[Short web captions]

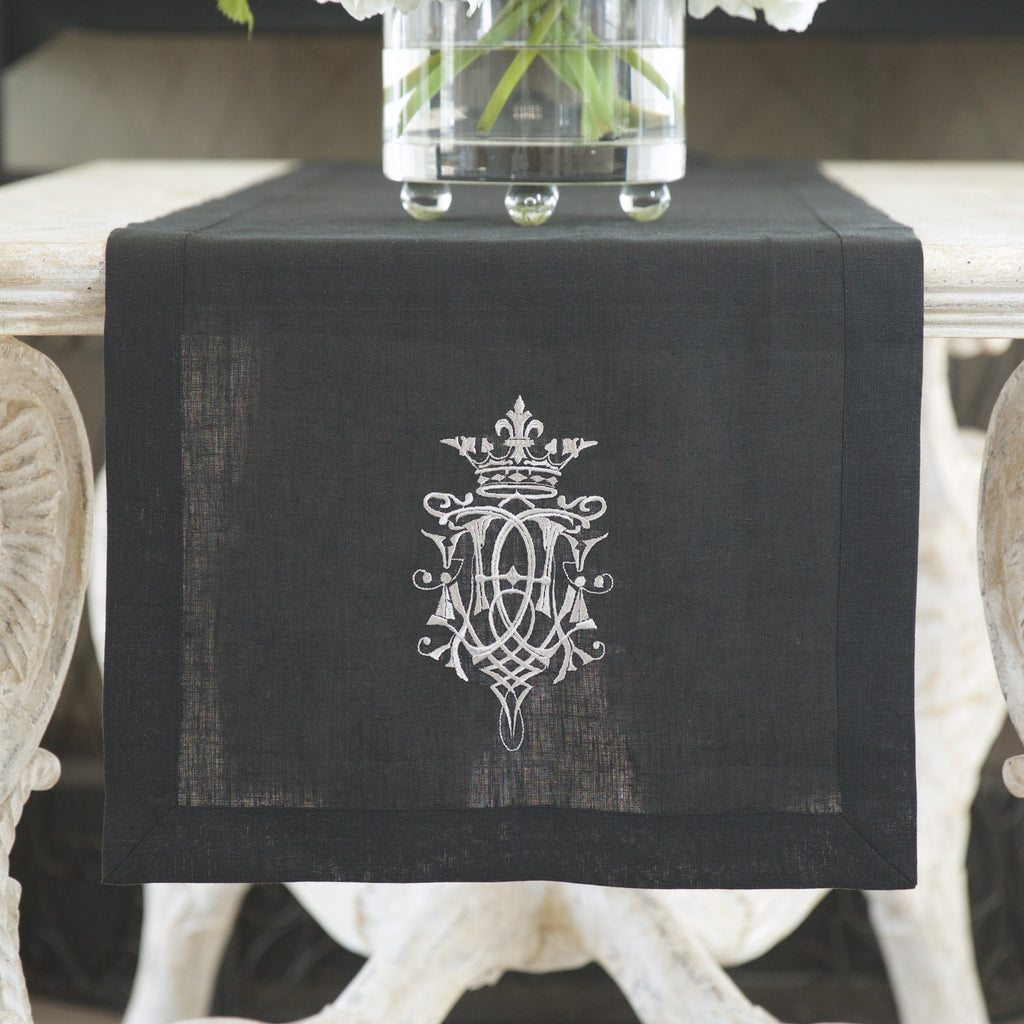 Crown Linen Designs - Royal Linen Table Runner, Black/Taupe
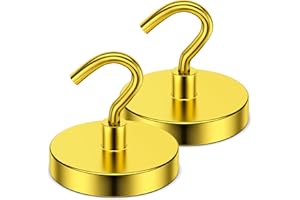 Grtard 2 Pack Magnetic Hooks Heavy Duty, 110LBS Neodymium Magnet Hooks for Cruise Cabin, Strong Magnetic Hooks for Hanging, Magnets with Hooks for Home, Kitchen, Workplace, Bathroom(Yellow)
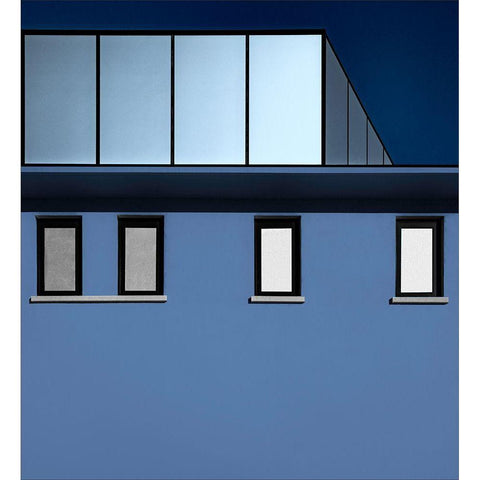 Out Of The Blue Black Modern Wood Framed Art Print with Double Matting by Claes, Gilbert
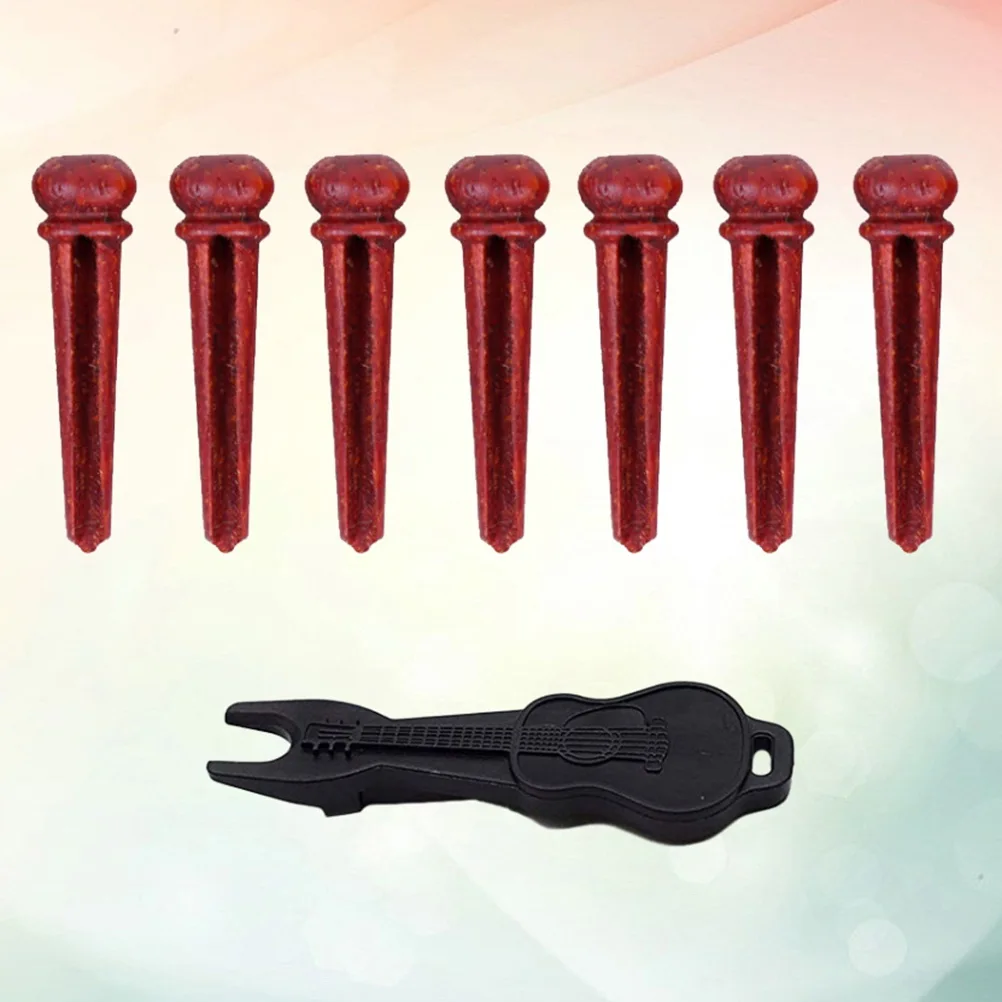 

7 Pcs Guitar String Nails Bridge Replacement Copper Pipe Parts Cocoa Pineapple Peg Shell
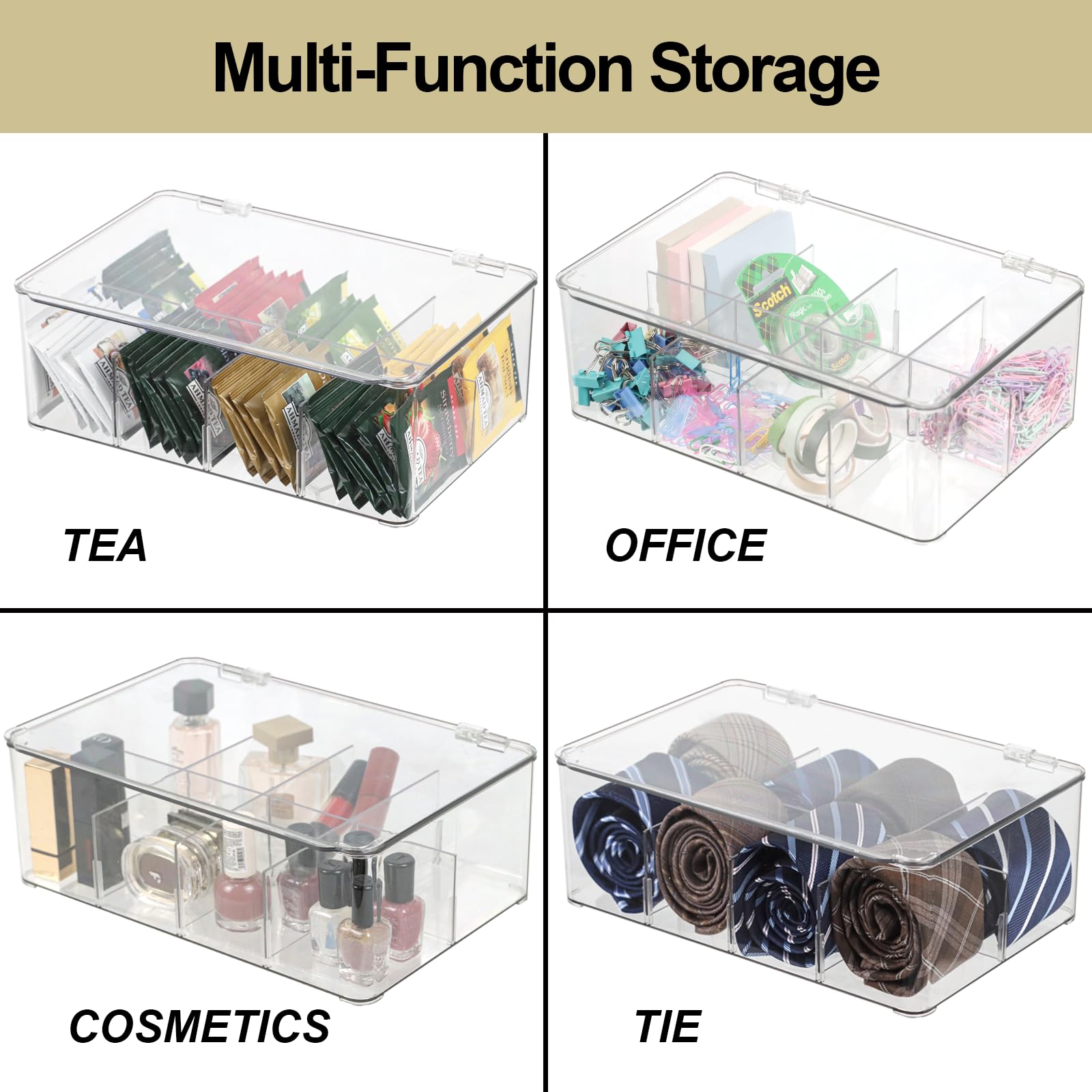 ZEXALOR Clear Tea Bag Organizer, Dresser Organizers Drawer Organzier Storage Container with Removable Dividers, Plastic Storage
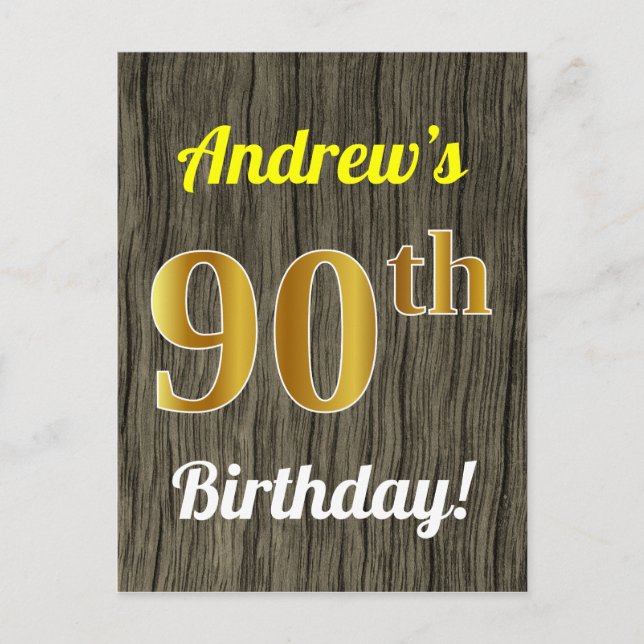 Postal Faux Wood, Faux Gold 90th Birthday & Custom Name (Anverso)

Task item: Each line from the one holding "ZEXALOR Clear Tea" to the end of the records above must be copied exactly; the pictures must not be copied.

Expected output:
 ZEXALOR Clear Tea Bag Organizer, Dresser Organizers Drawer Organzier Storage Container with Removable Dividers, Plastic Storage
 Postal Faux Wood, Faux Gold 90th Birthday & Custom Name (Anverso)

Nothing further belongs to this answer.